Śpiżarnia i zapasy zimowe/Ogórki kwaszone na zimę
<<< Dane tekstu >>> | |
Autor | |
Tytuł | Śpiżarnia i zapasy zimowe |
Wydawca | Gebethner i Wolff |
Data wyd. | 1925 |
Druk | Zakłady Graficzne „Nasza Drukarnia“ |
Miejsce wyd. | Warszawa |
Źródło | Skany na Commons |
Inne | Cały tekst |
Indeks stron |
18. Ogórki kwaszone na zimę. Ogórki zwykle kwasimy w drugiej połowie sierpnia. Wybierać należy ogórki zdrówe, bez plam i zupełnie zielone; kwasić trzeba zaraz po zerwaniu, aby nie zwiędły. Najlepsze do kwaszenia są ogórki podłużne a wązkie, małoziarniste, gdyż takie dłużej się trzymają w stanie jędrnym; w — każdym razie powinny być ogórki pogatunkowane — małe kłaść osobno. Beczułki dębowe lub olszowe należy na kilka dni przed kwaszeniem wyparzyć i napełnić zimną wodą — przez to przekonamy się, czy są szczelne; najlepsze są małe beczułki, mieszczące 2 — 3 kopy ogórków. Ogórki wypłókać starannie w zimnej wodzie, korzonków nie obcinać na zimę w przygotowaną baryłkę włożyć na spód warstwę liści dębowych lub wiśniowych i kopru suchego, potem warstwę ogórków-, które należy bardzo szczelnie układać jeden obok drugiego, znów przełożyć liśćmi i koprem, a gdzieniegdzie kłaść strączek pieprzu tureckiego i kawałek chrzanu. Niektórzy jeszcze dodają ząbek czosnku, ale to już rzecz smaku i gustu osobistego. Na wierzch ogórków znów nałożyć warstwę kopru i liści, potem beczułkę kilka razy pokołysać, aby się ogórki dobrze ułożyły i dobrze wyrównały, i zalać osoloną, zimną wodą. Na kopę ogórków — liczy się 4 garnce wody, 1 funt soli i 1 łut saletry, którą się dodaje dla jędrności i dla koloru. Sól i saletrę trzeba pierwej dobrze w zimnej wodzie nieprzegotowanej wymieszać i wlewać przez otwór szpontowy wolno, z przestankami, aby powietrze miało czas wyjść z beczułki. Gdy już wszystka woda wlana, trzeba szpunt obwinąć kawałkiem starego płótna lub perkalu czystego i mocno go wbić, poczem całe dno na sucho wytrzeć, dookoła szpuntu zalać pakiem i tak przygotowane beczułki pozostawić na miejscu przez 24 godziny. Po upływie tego czasu, jeżeli zauważymy, że woda jeszcze się wierzchem przedostaje, wtenczas jeszcze raz wszystkie szczeliny na sucho wytrzeć i zalać pakiem. Potem dopiero ogórki wstawić do zimnej piwnicy lub, jeżeli można, najlepiej do lodowni, gdzie, wolno kwaśniejąc, będą w styczniu jakby zupełnie świeżo kwaszone. Na wsiach wpuszczają baryłki najczęściej do studni, lub zakopują w ziemi.

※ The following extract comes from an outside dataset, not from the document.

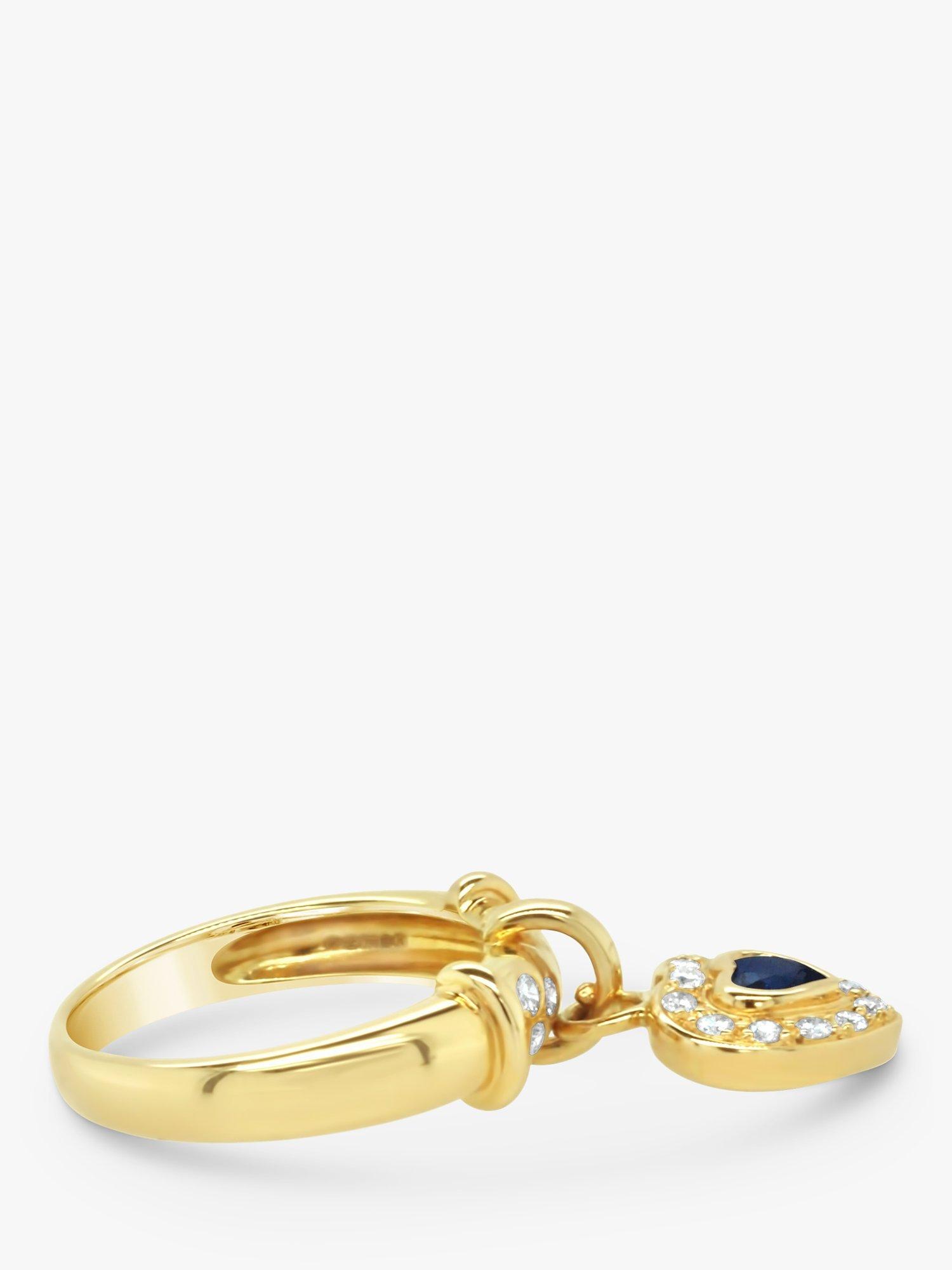 Product image 2 of 3, which shows Milton & Humble Jewellery Pre-Loved 18ct Yellow Gold Sapphire & Diamond Heart Drop Ring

Baryłki z ogórkami na zimę nie powinny nigdy być pozostawione otwarte, gdyż przez dostęp powietrza za prędko kwaśnieją i miękną. Najlepiej zatem kazać bednarzowi wierzchnie denko szczelnie dopasować, zostawiając tylko otwór na szpunt tak szeroki, aby rękę wygodnie włożyć można; tym też otworem należy wkładać ogórki i wlewać wodę. Chcąc w zimie ogórki spotrzebować, należy szpunt odbić, potrzebną ilość ogórków wyjąć i zaraz szpunt włożyć, zamykając znów szczelnie, aby powietrze jak najmniej miało dostępu. W tak zamkniętych naczyniach nigdy też pleśń formować się nie będzie. W razie jednak, gdyby przez nieuwagę pleśń się pokazała na ogórkach, należy ją zaraz starannie zdjąć.